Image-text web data
_ _ _ _ _ _ _
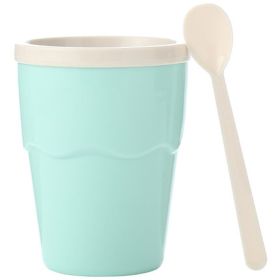 DIY Slush And Shake Maker Milk Shake Ice Cup (Color: Green)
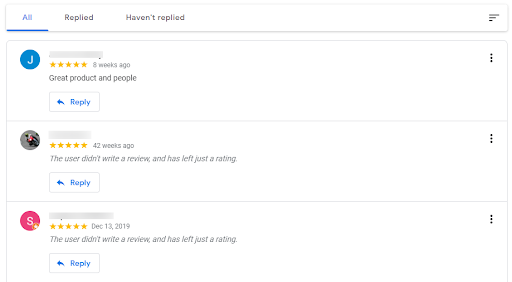 GMB Reviews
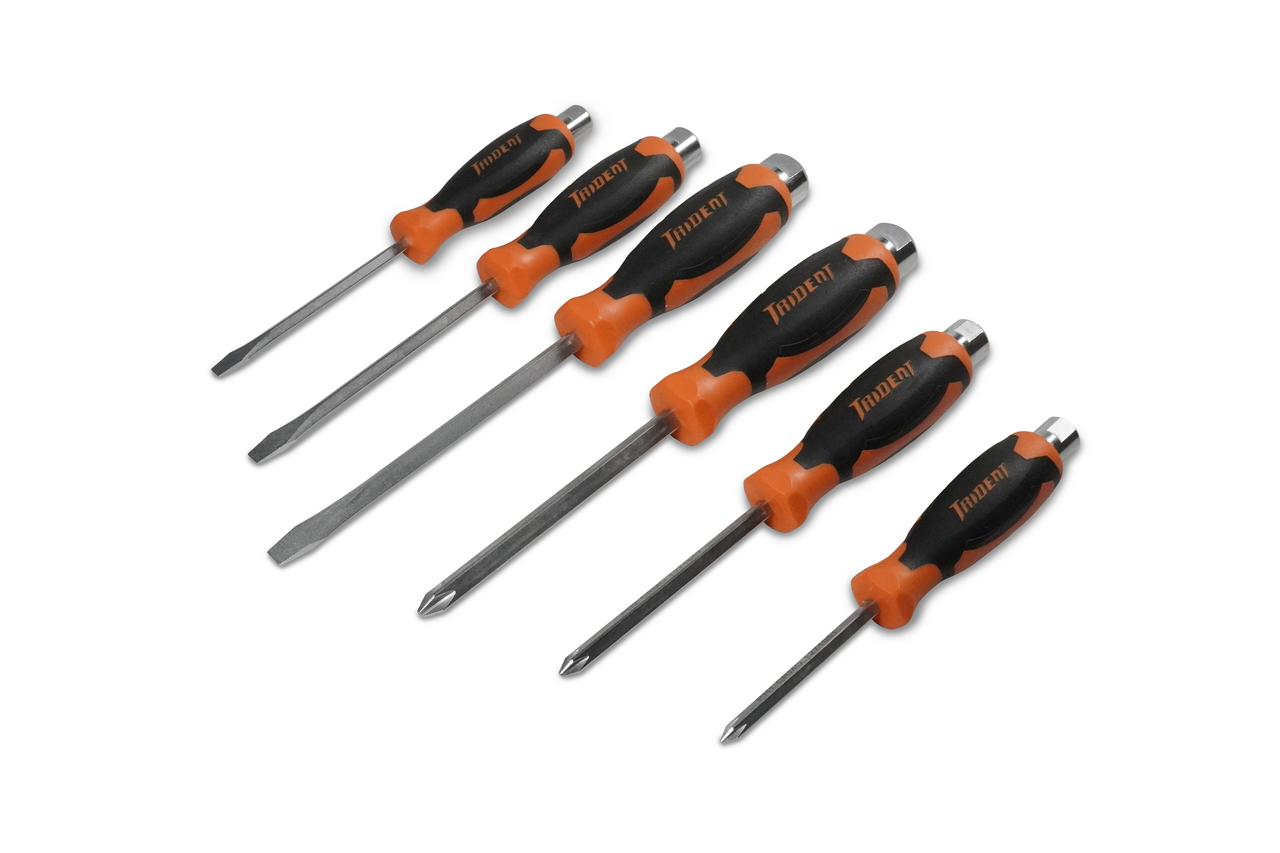 Trident Torque Pro 6pc Pound Screwdriver Pz Slot & PH Orange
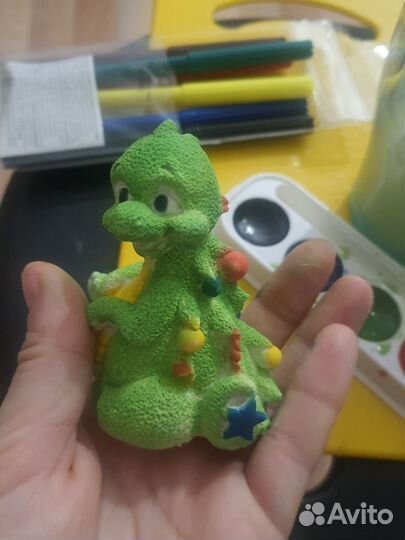 3d раскраски из гипса для детей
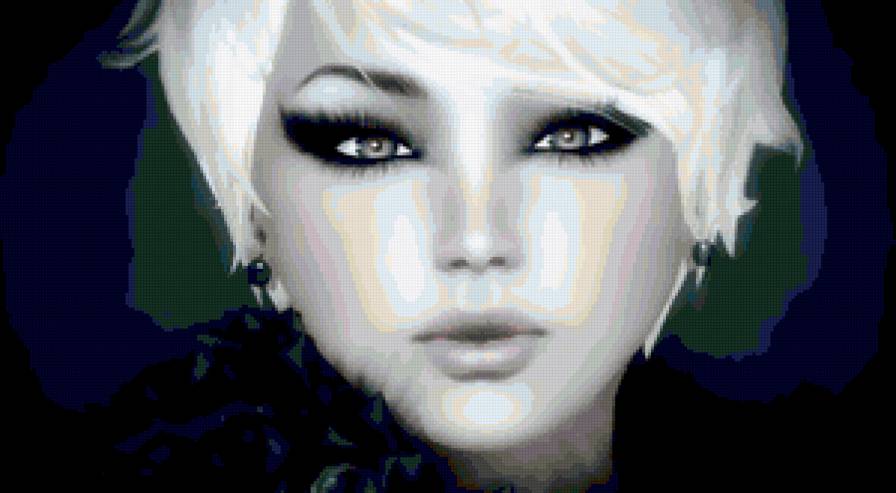 Девушка. - девушка, портрет, черно-белое - предпросмотр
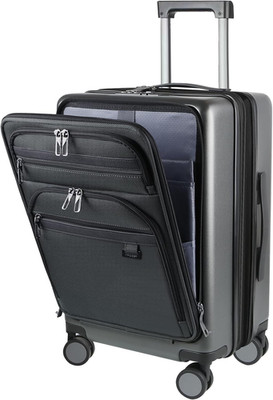 Expandable 22'' Hardside Carry-On Luggage with TSA Lock & USB Port - Steel Grey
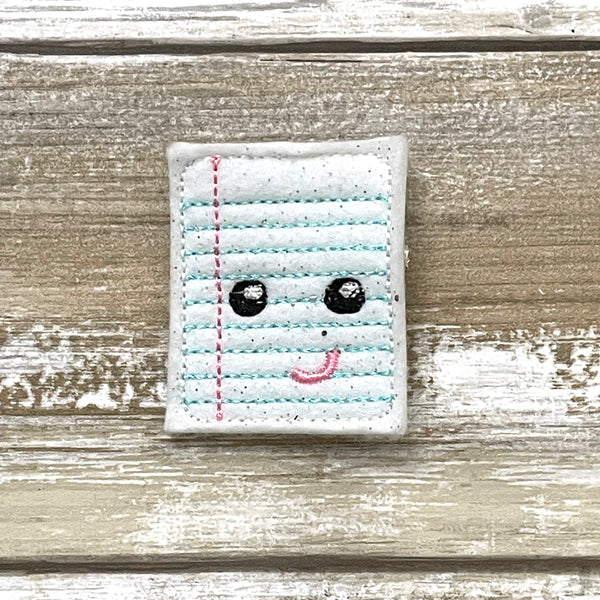Notepaper Feltie Clip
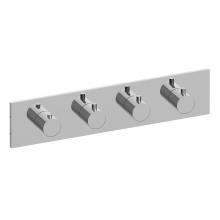 Graff G-8059H-RH0-PC-T - M.E. Square M-Series Valve Trim with Four Handles (Horizontal Orientation)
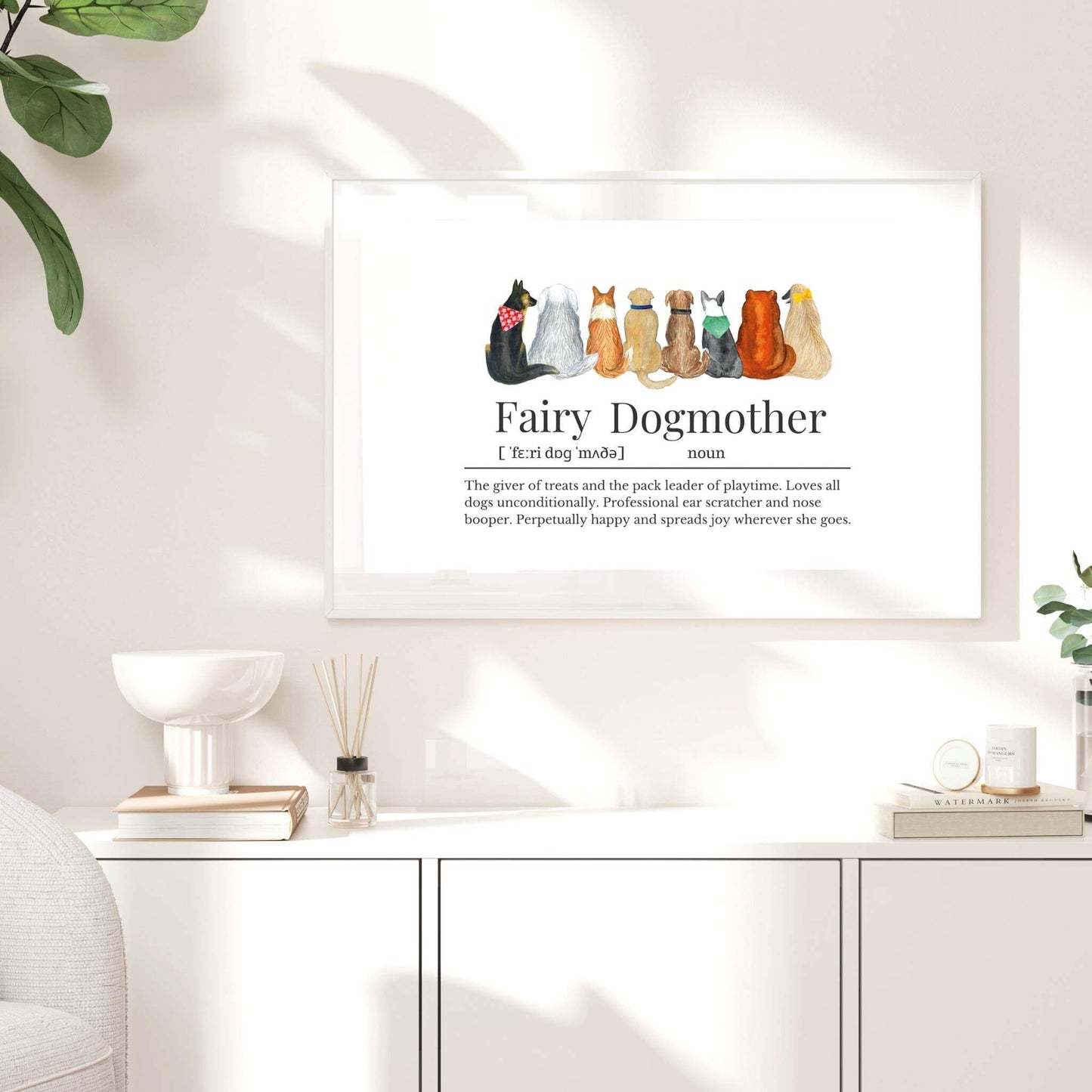Fairy Dogmother Illustrated Definition Print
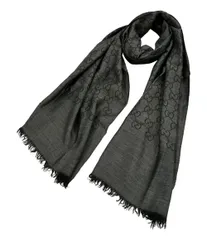 ❤訳アリ品❤GUCCI マフラー ストール ショール スカーフ❤シェリーライン❤ 2025年最新】グッチ ショールの人気アイテム - メルカリ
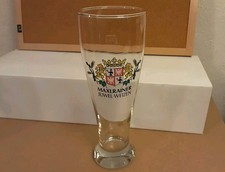 Maxlrainer Juwel-Weizen Logo RASTAL 9-1/8" Tall 0.5 Liter Beer Glass Germany NR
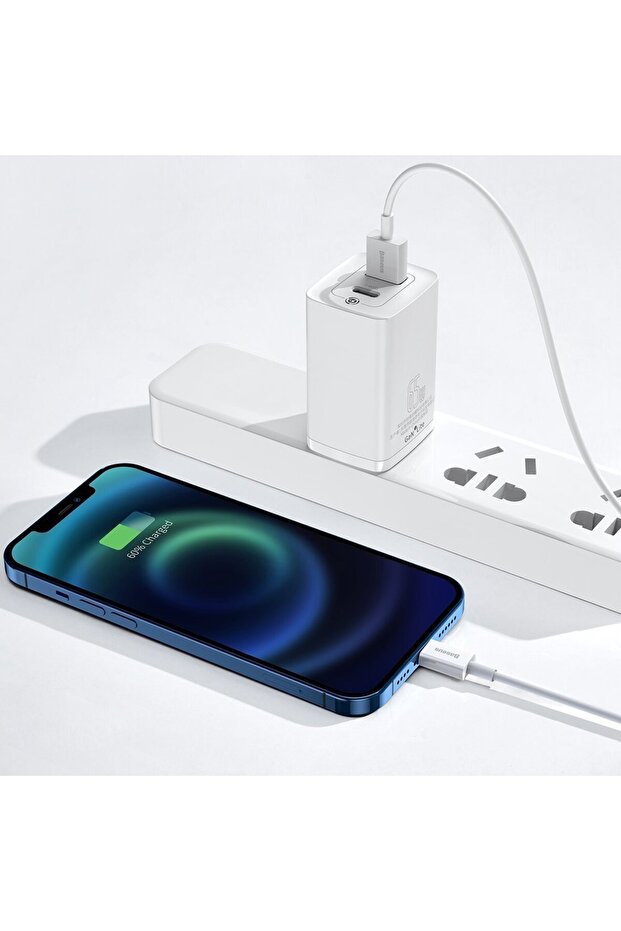 Cablu de date USB Lightning pentru iPhone 2.4A, 2m, alb - 11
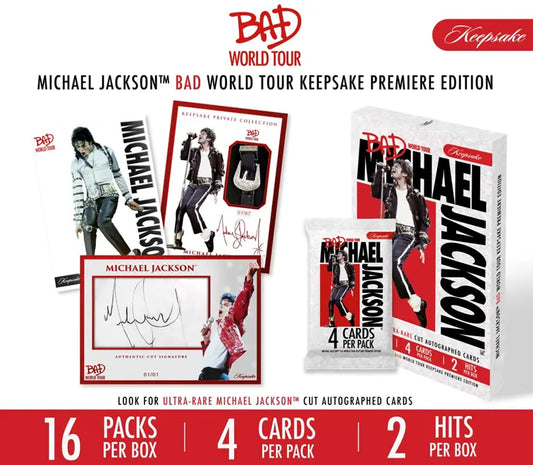 Michael Jackson Bad World Tour Keepsake Premiere Hobby Box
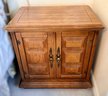 Beautiful Maple Wood Nightstand W/ Cabinet And Shelves 1 Of 2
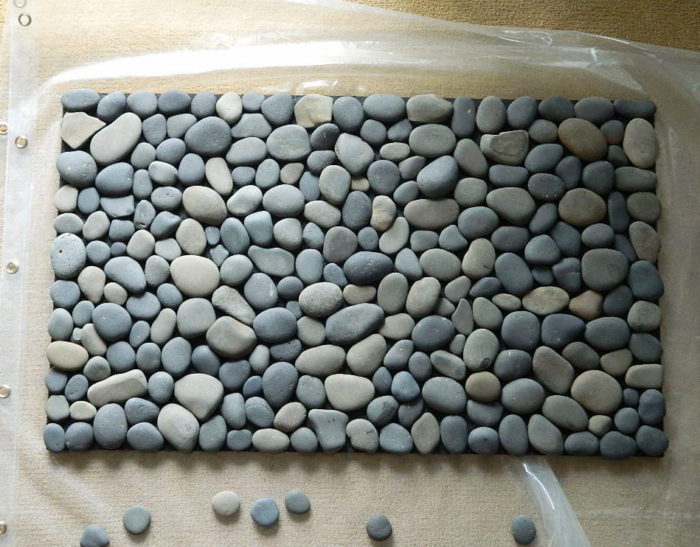 Ocean Stone Bath Mat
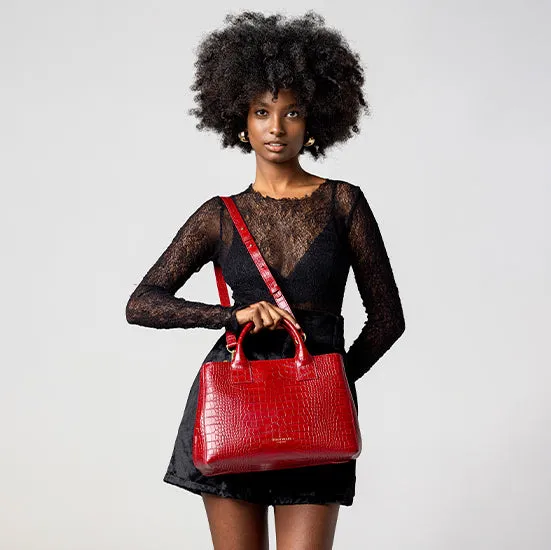 Bella Croco 12 - Dark Red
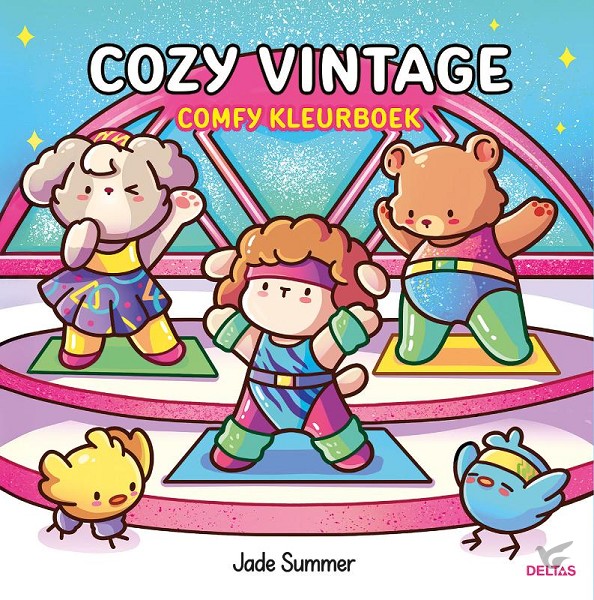 Productafbeelding: voorkant van Cozy Vintage - Comfy kleurboek Jade Summ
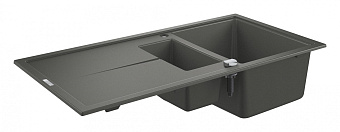 Мойка кухонная GROHE K400 31642AT0 100х50см серый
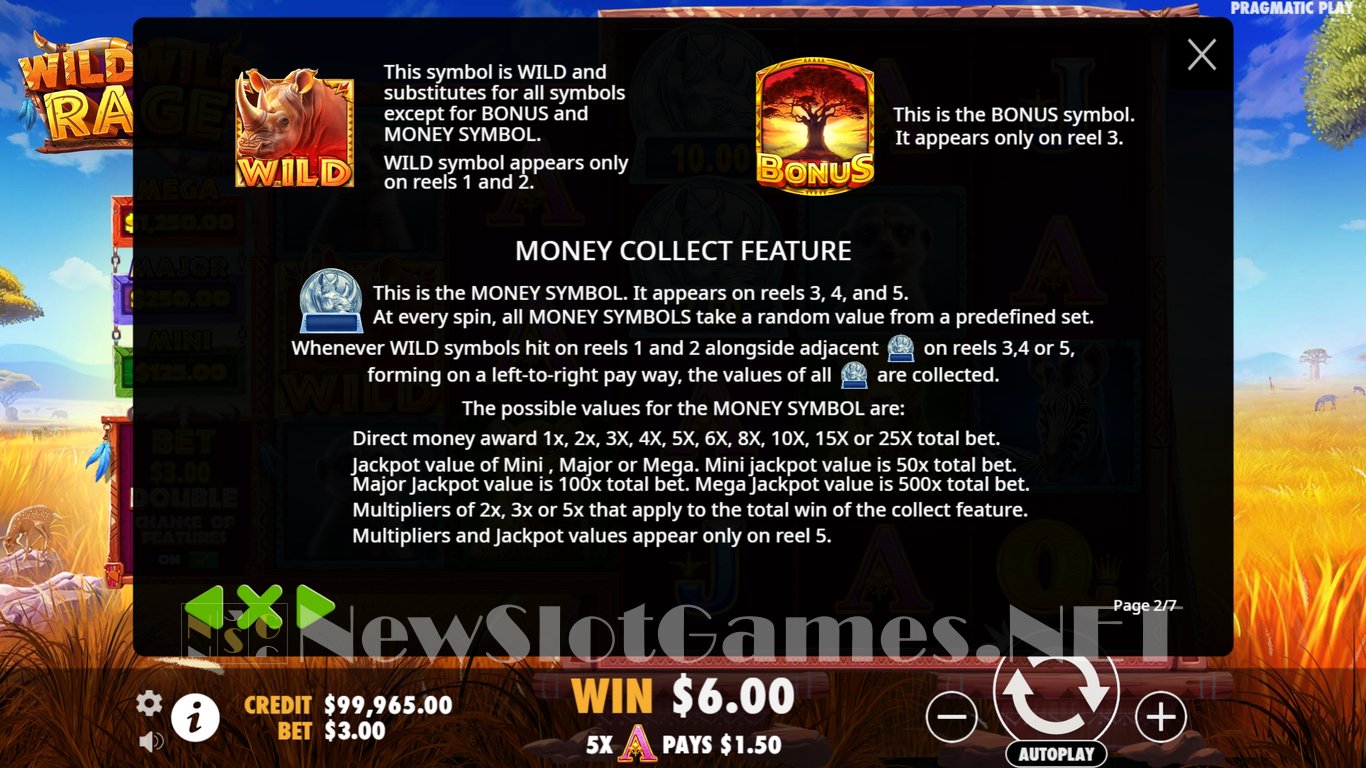 Wild Wild Rage Slot Slot Image in Demo - pic. 9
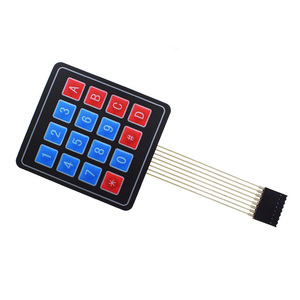 WGZX 1 3 4 5 12 16 20 Botón de tecla interruptor de membrana 1x4 1x5 4x4 4x5 teclas matriz teclado Panel de Control DIY Kit - Product Image 2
_ _ _ _ _ _ _
> _Goal of the exercise_:
Word for word and without pictures, please write out only the lines from the start of the entries through the line containing "Maxlrainer Juwel-Weizen Logo", both included.

> _Response_:
 DIY Slush And Shake Maker Milk Shake Ice Cup (Color: Green)
 GMB Reviews
 Trident Torque Pro 6pc Pound Screwdriver Pz Slot & PH Orange
 3d раскраски из гипса для детей
 Девушка. - девушка, портрет, черно-белое - предпросмотр
 Expandable 22'' Hardside Carry-On Luggage with TSA Lock & USB Port - Steel Grey
Notepaper Feltie Clip
 Graff G-8059H-RH0-PC-T - M.E. Square M-Series Valve Trim with Four Handles (Horizontal Orientation)
Fairy Dogmother Illustrated Definition Print
 ❤訳アリ品❤GUCCI マフラー ストール ショール スカーフ❤シェリーライン❤ 2025年最新】グッチ ショールの人気アイテム - メルカリ
 Maxlrainer Juwel-Weizen Logo RASTAL 9-1/8" Tall 0.5 Liter Beer Glass Germany NR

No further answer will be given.